More Senate Dems Join Gorsuch Filibuster Huddle

Supreme Court nominee Neil Gorsuch meets with Democratic Sen. Chris Coons, D-Del., on Capitol Hill in Washington, Tuesday, Feb. 14, 2017. (AP Photo/Andrew Harnik)
AP Photo/Andrew Harnik

Several additional Democratic Senators answered Senate Minority Leader Chuck Schumer’s (D-NY) call to filibuster Trump Supereme Court nominee Neil Gorsuch on Tuesday, as those opposed to allowing Judge Gorsuch an open vote on the Senate floor try to assemble the forty-one votes needed to block cloture.

The new fever to block Judge Gorsuch, the widely praised nominee to replace deceased champion of conservative jurisprudence Antonin Scalia, spread among senators from liberal leaning New England after Schumer’s call to join him in a filibuster of the nomination last week.

First to fall was Jeanne Shaheen (D-NH). Shaheen told the New Hampshire Union Leader that Judge Gorsuch had a “very alarming record” and that she would be joining Chuck Schumer’s filibuster. “As Judge Gorsuch’s nomination comes to the floor, I will support a 60-vote threshold for approval,” she said.

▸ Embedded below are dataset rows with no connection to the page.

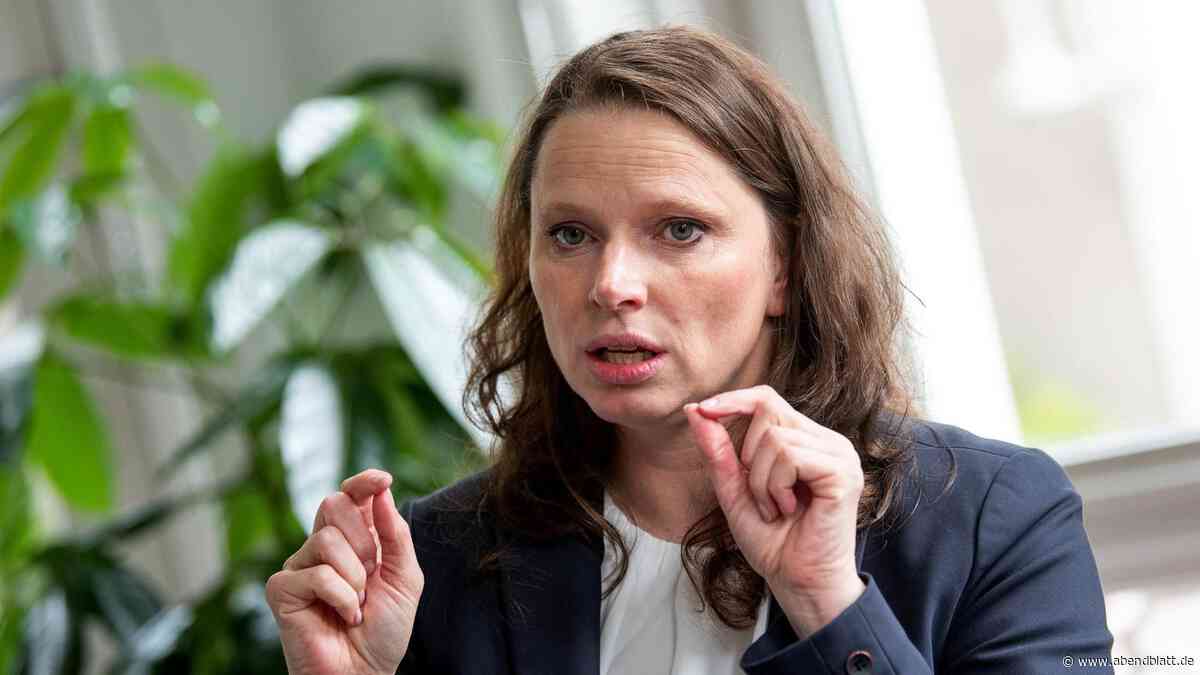 Hamburger SPD-Chefin kritisiert Merz: „Scholz hätte diesen Antrag nie gestellt“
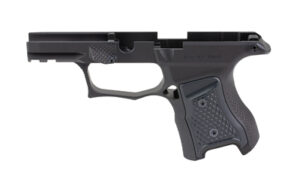 Sharps Bros Gen 3 P365 Grip Module - Black Anodized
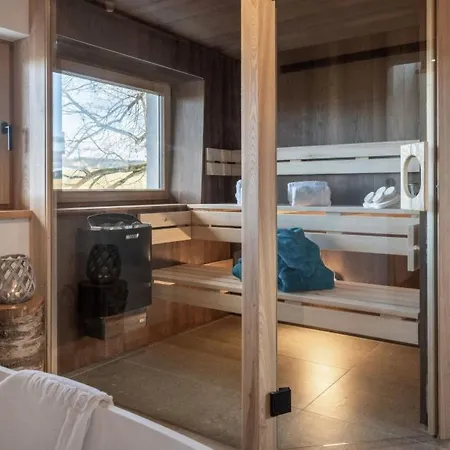 Exclusive Mit Eigener Sauna By Interhome * Regen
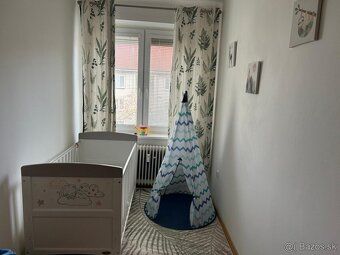 Sprostredkujeme predaj 3 izbového tehlového bytu s balkónom 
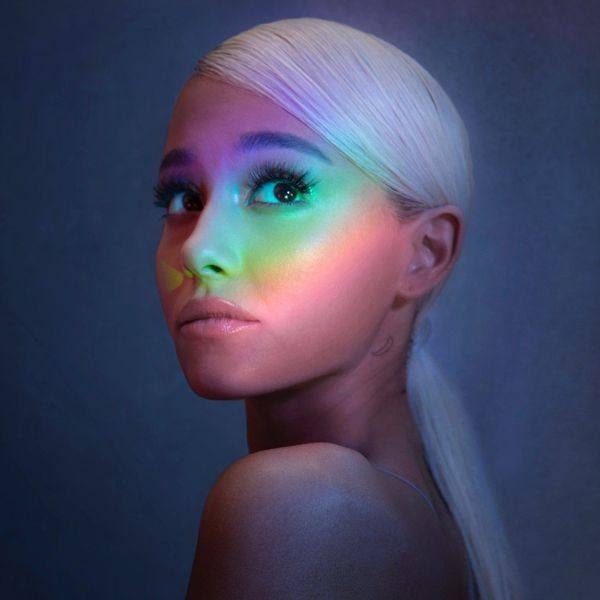 Ariana Grande - Fake Smile.flac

Shaheen was quickly joined in her decision by fellow New Hampshire Democrat Maggie Hassan, who had been considered a possible swing vote on the nomination. In a post to Medium Tuesday afternoon, Hassan explained, “While Judge Gorsuch is by all accounts a man of great integrity in his personal life, his record demonstrates that he has too often shown a disregard for the impact that his decisions have on the lives of real Americans.”

Hassan went on to cite a number of cases that raised her ire, including Judge Gorsuch’s dissent from a court decision that forced a trucking company to rehire a driver who abandoned his freezing truck. The dissent has since become a Democratic talking point. While she stopped short of explicitly saying she would join Schumer’s filibuster, Hassan did write that, “I will vote against this nomination, and I support maintaining the traditional 60-vote threshold for confirming Supreme Court nominees.”

Finally, Sen. Chris Murphy, D-CT, a legislator with a consistent liberal voting record, joined a growing group of colleagues on the Senate’s left-wing in stating he will not vote for Judge Gorsuch to be confirmed. “The risk that Judge Gorsuch will inject his political judgment into a process that already too often favors the rights of special interests or corporations over the rights of individuals is too great for him to earn my support,” he told the Connecticut Mirror. Murphy also stopped short of saying we would join Schumer’s filibuster attempt.

Forty Senators, in addition to Schumer himself, would have to join with him in order to prevent Republicans from invoking cloture with sixty and giving Judge Gorsuch an up-down vote on the Senate floor.